## What to do
Reproduce, word for word, the lines in the material below starting with the one that has "Best Video Converter" and going on through the one that has "Casa à Venda". Leave out all pictures.

## Data
====
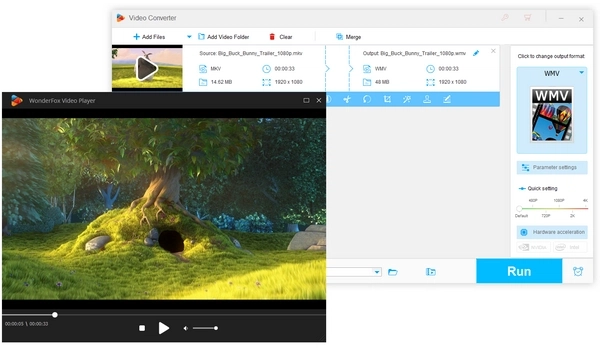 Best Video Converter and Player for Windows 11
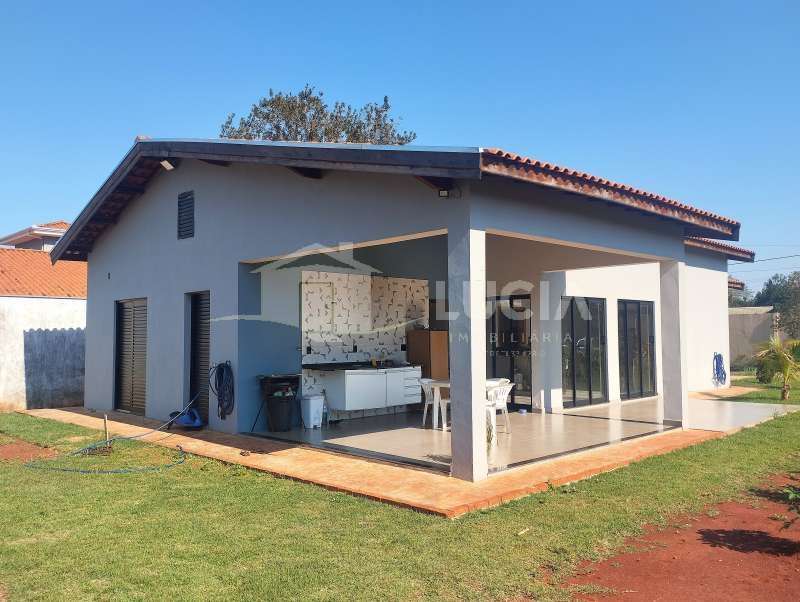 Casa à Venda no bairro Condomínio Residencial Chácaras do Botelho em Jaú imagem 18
====
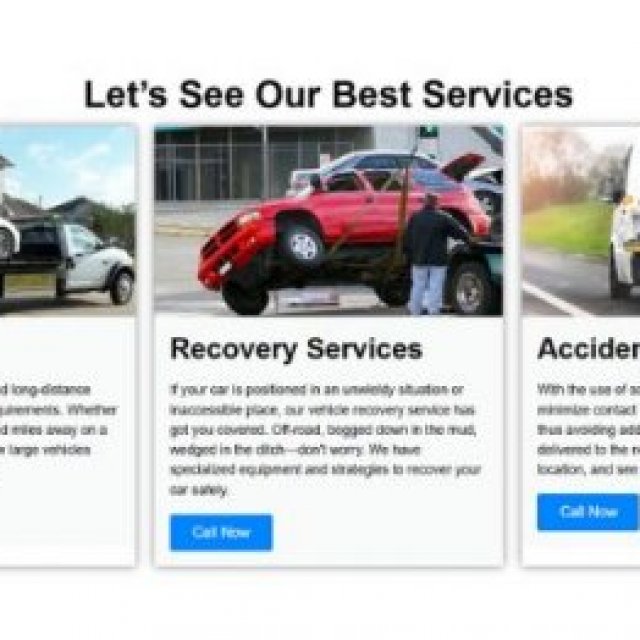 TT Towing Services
====
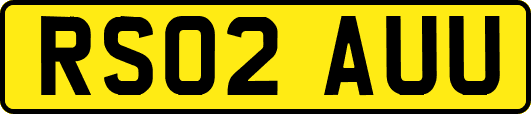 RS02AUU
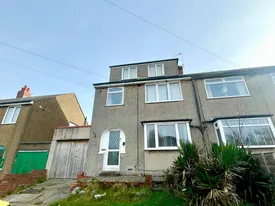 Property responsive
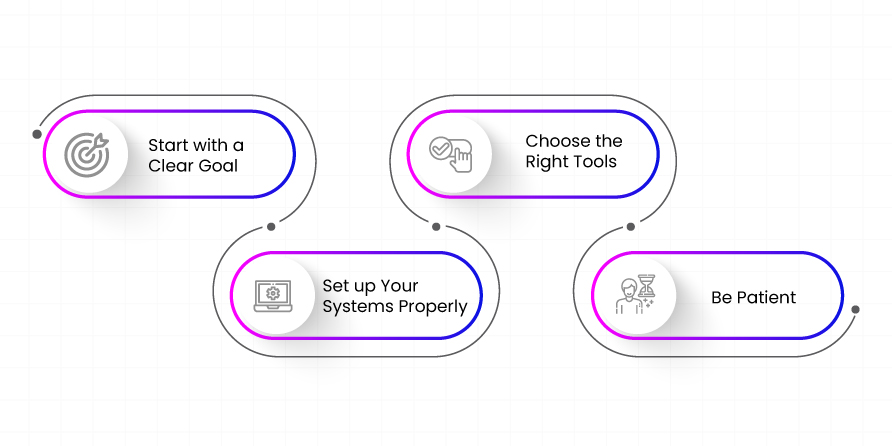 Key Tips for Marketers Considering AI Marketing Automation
====
## Task response
 Best Video Converter and Player for Windows 11
 Casa à Venda no bairro Condomínio Residencial Chácaras do Botelho em Jaú imagem 18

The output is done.